• [Try it]:
The entries shown below are to be printed in full, unaltered.

• [Records]:
++++++++++
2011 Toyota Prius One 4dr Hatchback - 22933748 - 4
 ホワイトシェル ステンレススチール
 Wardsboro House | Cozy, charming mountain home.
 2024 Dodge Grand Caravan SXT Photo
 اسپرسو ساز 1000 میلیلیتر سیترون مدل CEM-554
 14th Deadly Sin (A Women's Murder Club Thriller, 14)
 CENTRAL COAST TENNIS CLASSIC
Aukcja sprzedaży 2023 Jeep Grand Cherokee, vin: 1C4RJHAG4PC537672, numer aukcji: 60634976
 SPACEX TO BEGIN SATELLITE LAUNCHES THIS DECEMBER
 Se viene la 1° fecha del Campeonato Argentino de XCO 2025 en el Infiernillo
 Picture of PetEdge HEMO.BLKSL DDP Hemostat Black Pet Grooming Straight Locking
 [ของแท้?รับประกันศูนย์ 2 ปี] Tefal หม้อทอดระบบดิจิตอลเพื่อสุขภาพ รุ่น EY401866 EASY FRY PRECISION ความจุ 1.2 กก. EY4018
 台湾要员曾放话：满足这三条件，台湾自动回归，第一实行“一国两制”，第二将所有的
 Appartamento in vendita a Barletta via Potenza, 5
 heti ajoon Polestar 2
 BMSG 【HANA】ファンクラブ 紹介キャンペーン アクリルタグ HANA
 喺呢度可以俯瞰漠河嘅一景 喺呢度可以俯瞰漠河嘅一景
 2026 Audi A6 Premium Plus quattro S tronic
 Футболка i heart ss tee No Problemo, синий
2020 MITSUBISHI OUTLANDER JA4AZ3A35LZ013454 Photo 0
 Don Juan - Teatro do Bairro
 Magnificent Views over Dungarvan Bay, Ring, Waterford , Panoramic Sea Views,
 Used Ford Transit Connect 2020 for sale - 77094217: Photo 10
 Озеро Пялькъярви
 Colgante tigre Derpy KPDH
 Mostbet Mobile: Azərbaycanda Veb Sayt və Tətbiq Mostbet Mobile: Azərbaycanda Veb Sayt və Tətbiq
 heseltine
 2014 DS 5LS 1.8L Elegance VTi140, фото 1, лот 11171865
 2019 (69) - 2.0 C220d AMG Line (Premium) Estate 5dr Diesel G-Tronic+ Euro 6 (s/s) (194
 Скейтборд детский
++++++++++
• [Output]:
2011 Toyota Prius One 4dr Hatchback - 22933748 - 4
 ホワイトシェル ステンレススチール
 Wardsboro House | Cozy, charming mountain home.
 2024 Dodge Grand Caravan SXT Photo
 اسپرسو ساز 1000 میلیلیتر سیترون مدل CEM-554
 14th Deadly Sin (A Women's Murder Club Thriller, 14)
 CENTRAL COAST TENNIS CLASSIC
Aukcja sprzedaży 2023 Jeep Grand Cherokee, vin: 1C4RJHAG4PC537672, numer aukcji: 60634976
 SPACEX TO BEGIN SATELLITE LAUNCHES THIS DECEMBER
 Se viene la 1° fecha del Campeonato Argentino de XCO 2025 en el Infiernillo
 Picture of PetEdge HEMO.BLKSL DDP Hemostat Black Pet Grooming Straight Locking
 [ของแท้?รับประกันศูนย์ 2 ปี] Tefal หม้อทอดระบบดิจิตอลเพื่อสุขภาพ รุ่น EY401866 EASY FRY PRECISION ความจุ 1.2 กก. EY4018
 台湾要员曾放话：满足这三条件，台湾自动回归，第一实行“一国两制”，第二将所有的
 Appartamento in vendita a Barletta via Potenza, 5
 heti ajoon Polestar 2
 BMSG 【HANA】ファンクラブ 紹介キャンペーン アクリルタグ HANA
 喺呢度可以俯瞰漠河嘅一景 喺呢度可以俯瞰漠河嘅一景
 2026 Audi A6 Premium Plus quattro S tronic
 Футболка i heart ss tee No Problemo, синий
2020 MITSUBISHI OUTLANDER JA4AZ3A35LZ013454 Photo 0
 Don Juan - Teatro do Bairro
 Magnificent Views over Dungarvan Bay, Ring, Waterford , Panoramic Sea Views,
 Used Ford Transit Connect 2020 for sale - 77094217: Photo 10
 Озеро Пялькъярви
 Colgante tigre Derpy KPDH
 Mostbet Mobile: Azərbaycanda Veb Sayt və Tətbiq Mostbet Mobile: Azərbaycanda Veb Sayt və Tətbiq
 heseltine
 2014 DS 5LS 1.8L Elegance VTi140, фото 1, лот 11171865
 2019 (69) - 2.0 C220d AMG Line (Premium) Estate 5dr Diesel G-Tronic+ Euro 6 (s/s) (194
 Скейтборд детский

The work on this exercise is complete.